- _Problem description_
Retype every entry word for word. Omit the pictures.

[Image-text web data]
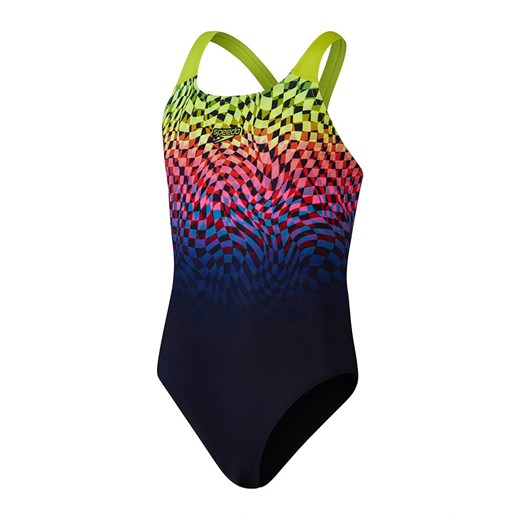 Speedo Strój kąpielowy &quot;Eco+ Dig&quot; ze wzorem ze sklepu Limango Polska w kategorii Stroje kąpielowe - zdjęcie 180400658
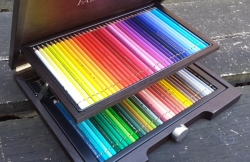 Faber-Castell POLYCHROMOS - umělecké pastelky - sada 72 ks - dřevěný kufr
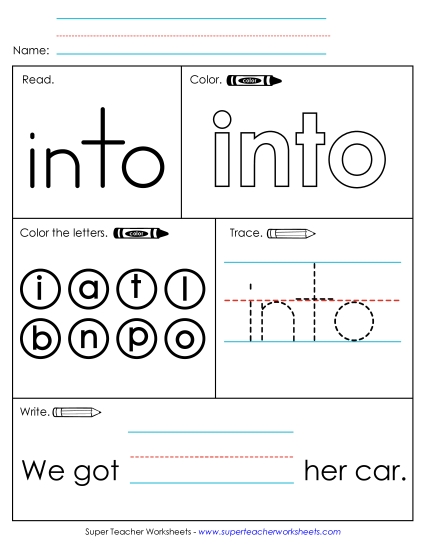 Worksheet 1: Into Worksheet 1: Into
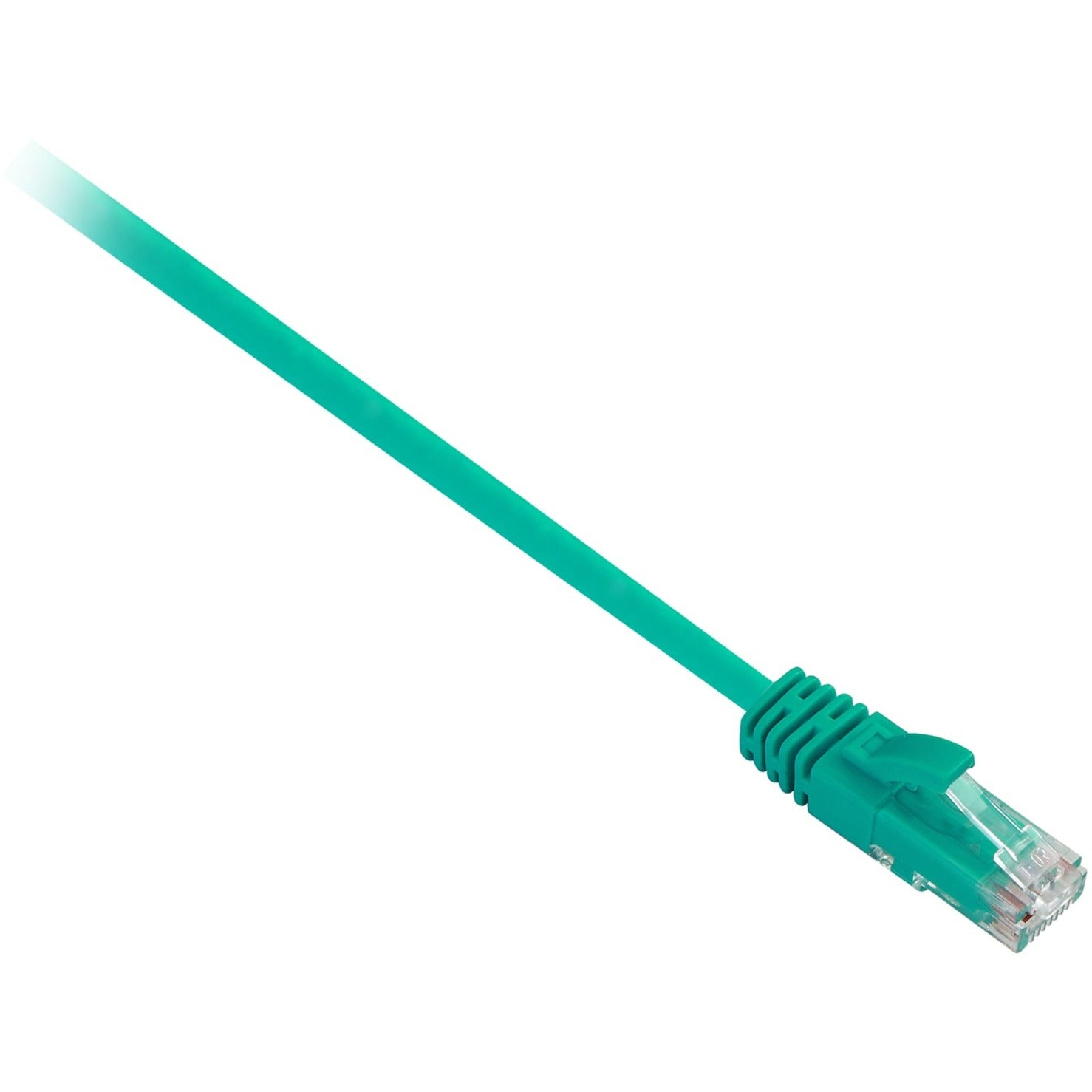 V7 V7N2C6-03F-GRNS Green Cat6 Unshielded (UTP) Cable RJ45 Male to RJ45 Male 1m 3.3ft, Noise Reducing, Crosstalk Protection, Molded, Strain Relief, Snagless Boot, Locking Latch, EMI/RF Protection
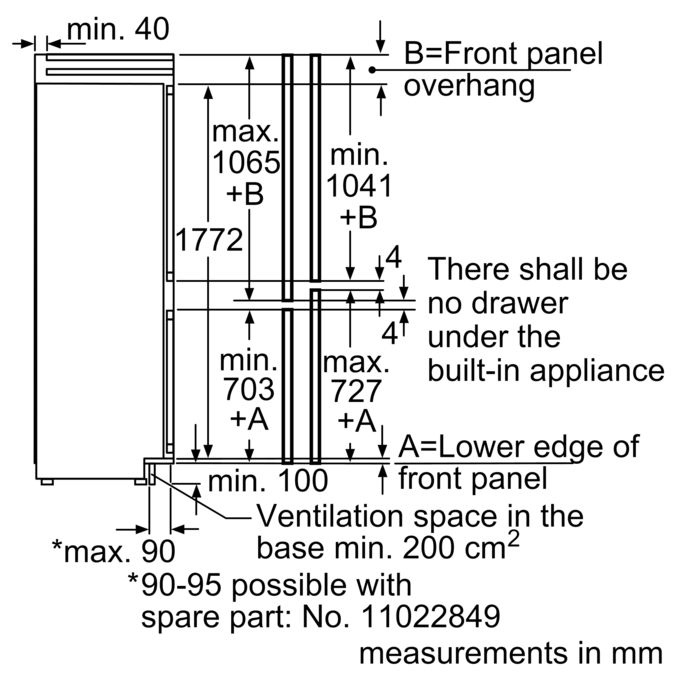 iQ700 嵌入式雪櫃 (下置冰格) 177.2 x 55.6 cm KI34NP60 KI34NP60-3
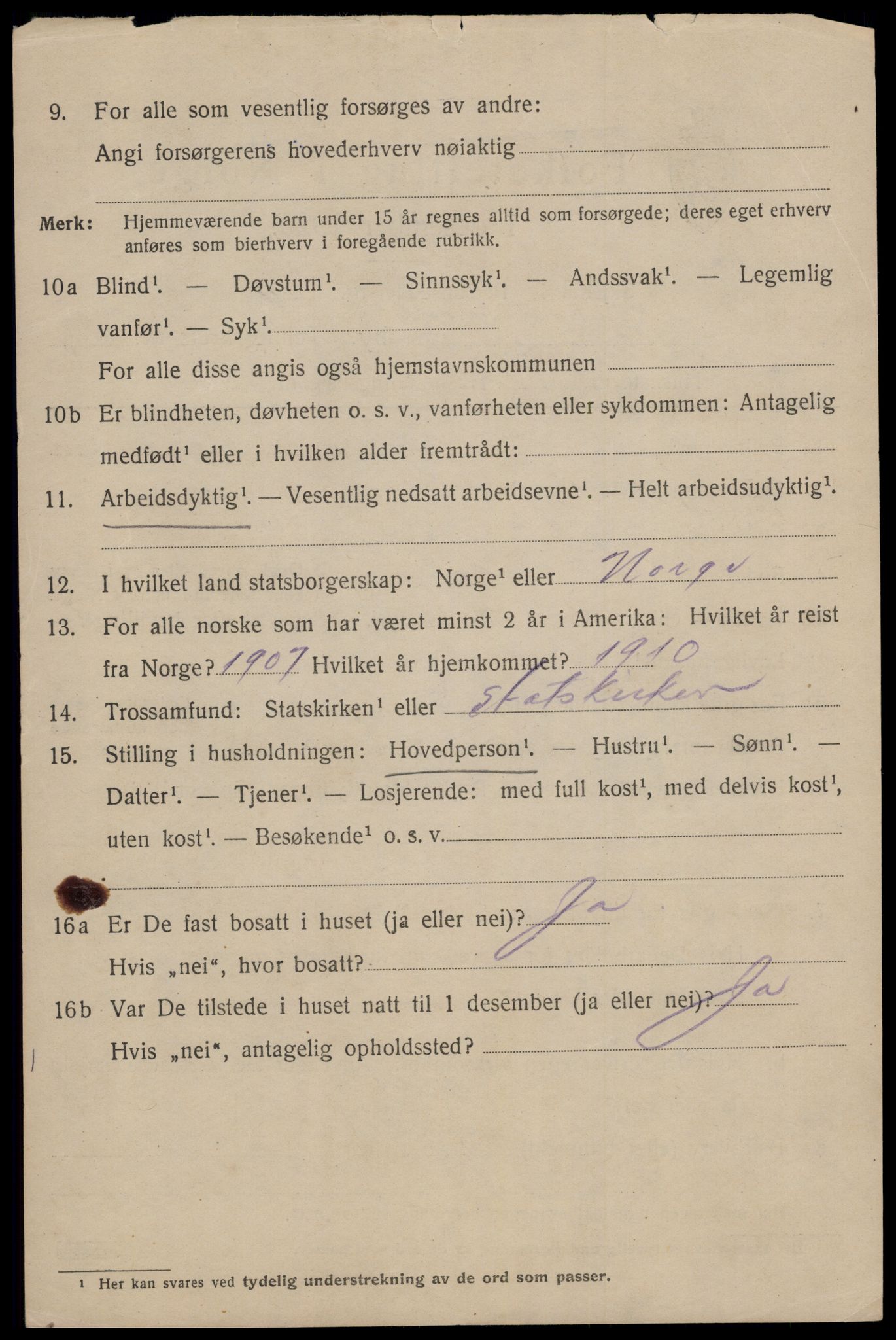 SAT, 1920 census for Trondheim, 1920, p. 78029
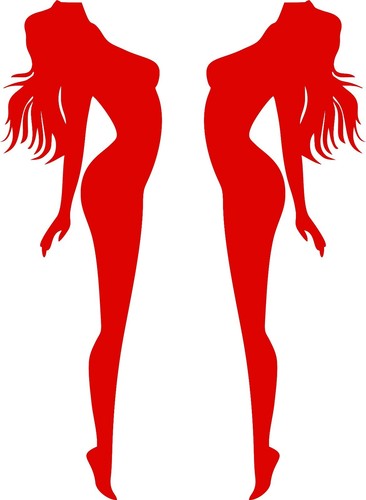 Adult Sexy Girl Hot Woman PinUp Auto Car Bumper Window Vinyl Decal Sticker Truck - Picture 4 of 13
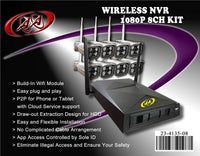 23-4135-08 Wireless Camera Kit 1080P Wireless 8 Channels NVR Kit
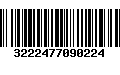 Código de Barras 3222477090224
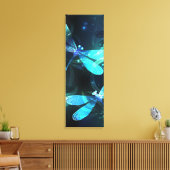 Meer gloeiende libellen canvas afdruk (Insitu (Woonkamer))
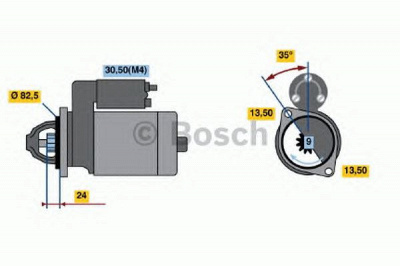 BOSCH 0001362076 -  Стартер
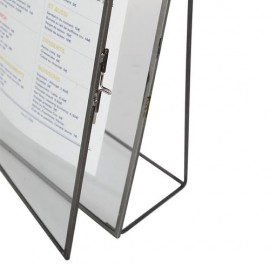 DULTON (ダルトン) テーブル ダブルガラスフレームスタンド A4 TABLE DOUBLE GLASS  FRAME [RN-0399-A4]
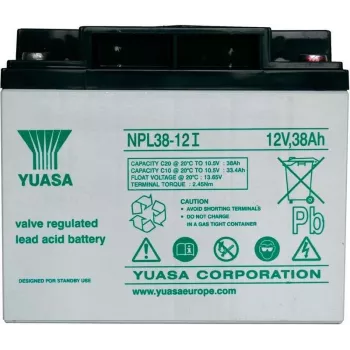 Sandarioji AGM baterija Yuasa NPL38-12 12V 38Ah budėjimo ir cikliniam naudojimui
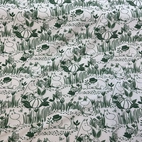 Garden Life in MomminVally, green/white - Moomin By ZannaZ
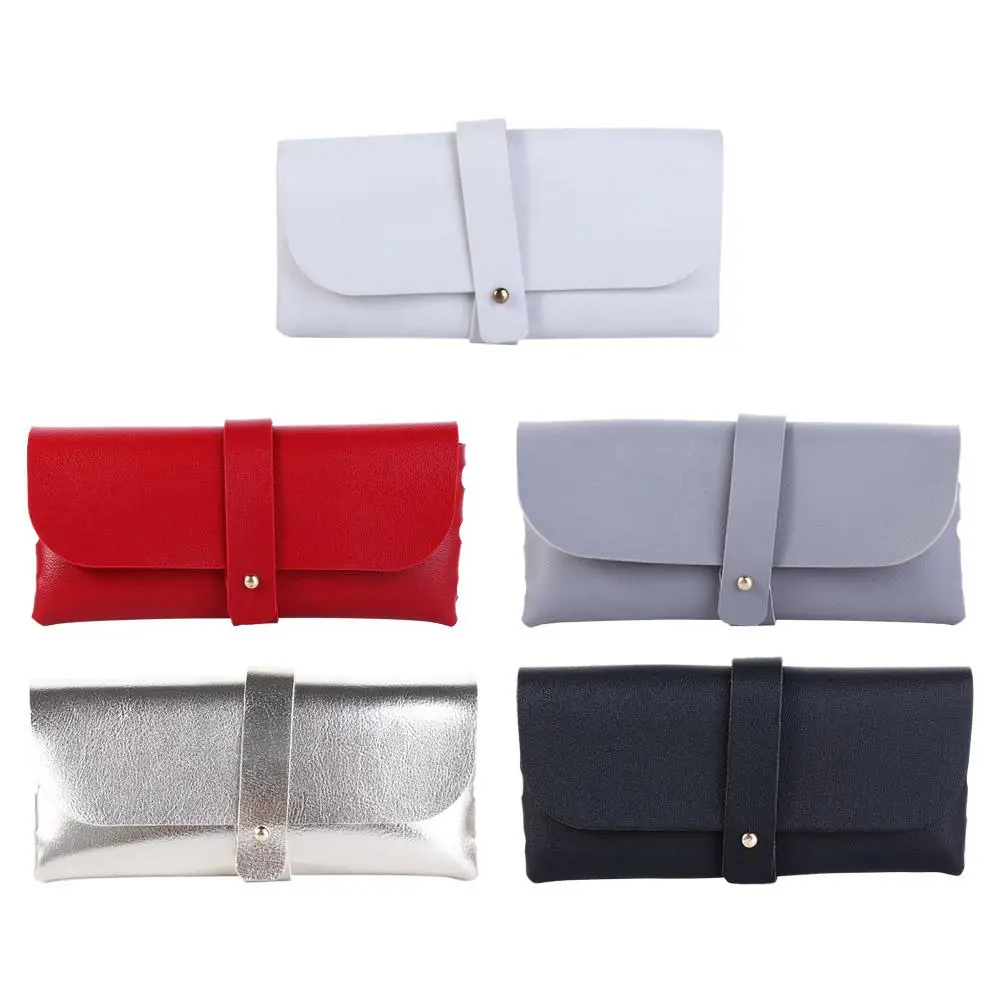Portable Fashion Glasses Accessories Unisex Eyewear Case Glasses Storage Sunglasses Bag Glasses Box PU Leather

- _Your response_
 Speedo Strój kąpielowy &quot;Eco+ Dig&quot; ze wzorem ze sklepu Limango Polska w kategorii Stroje kąpielowe - zdjęcie 180400658
 Faber-Castell POLYCHROMOS - umělecké pastelky - sada 72 ks - dřevěný kufr
 Worksheet 1: Into Worksheet 1: Into
 V7 V7N2C6-03F-GRNS Green Cat6 Unshielded (UTP) Cable RJ45 Male to RJ45 Male 1m 3.3ft, Noise Reducing, Crosstalk Protection, Molded, Strain Relief, Snagless Boot, Locking Latch, EMI/RF Protection
 iQ700 嵌入式雪櫃 (下置冰格) 177.2 x 55.6 cm KI34NP60 KI34NP60-3
 SAT, 1920 census for Trondheim, 1920, p. 78029
 Adult Sexy Girl Hot Woman PinUp Auto Car Bumper Window Vinyl Decal Sticker Truck - Picture 4 of 13
 23-4135-08 Wireless Camera Kit 1080P Wireless 8 Channels NVR Kit
 Código de Barras 3222477090224
 Meer gloeiende libellen canvas afdruk (Insitu (Woonkamer))
 BOSCH 0001362076 -  Стартер
 DULTON (ダルトン) テーブル ダブルガラスフレームスタンド A4 TABLE DOUBLE GLASS  FRAME [RN-0399-A4]
 Sandarioji AGM baterija Yuasa NPL38-12 12V 38Ah budėjimo ir cikliniam naudojimui
 Garden Life in MomminVally, green/white - Moomin By ZannaZ
Portable Fashion Glasses Accessories Unisex Eyewear Case Glasses Storage Sunglasses Bag Glasses Box PU Leather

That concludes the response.